_EXERCISE DESCRIPTION:_ Go through the data below and copy it exactly, skipping every picture.

_INFORMATION SHOWN:_
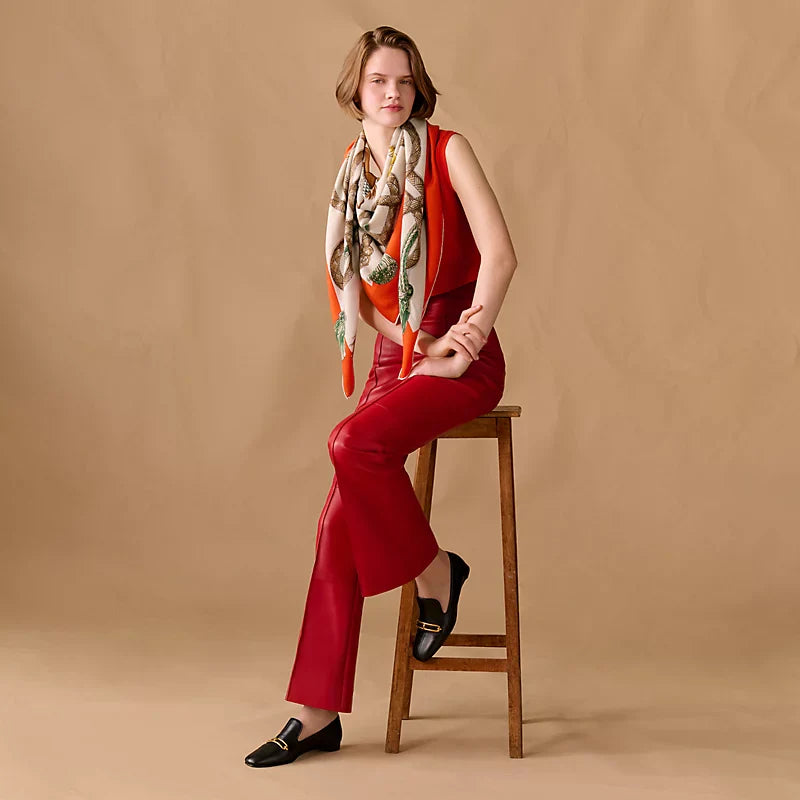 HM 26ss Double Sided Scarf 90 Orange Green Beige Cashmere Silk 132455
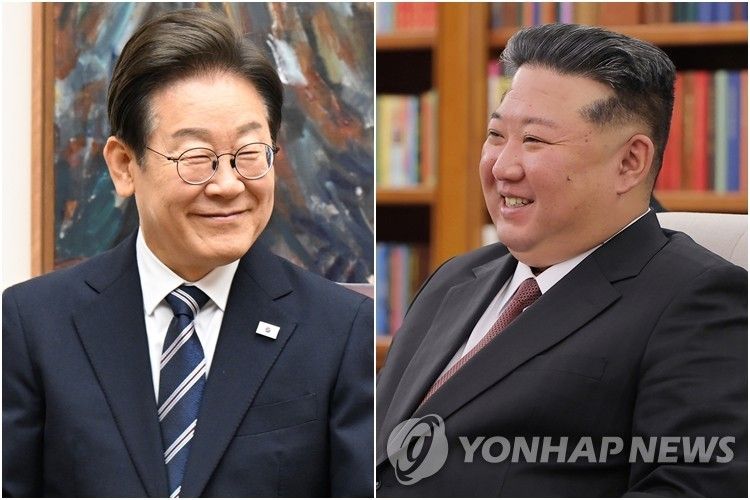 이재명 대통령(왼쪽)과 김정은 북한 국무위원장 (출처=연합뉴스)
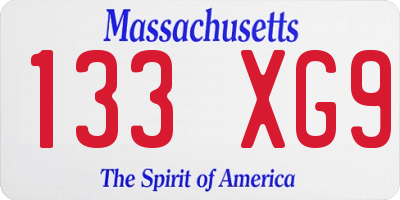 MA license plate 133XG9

_EXERCISE RESPONSE:_
 HM 26ss Double Sided Scarf 90 Orange Green Beige Cashmere Silk 132455
 이재명 대통령(왼쪽)과 김정은 북한 국무위원장 (출처=연합뉴스)
 MA license plate 133XG9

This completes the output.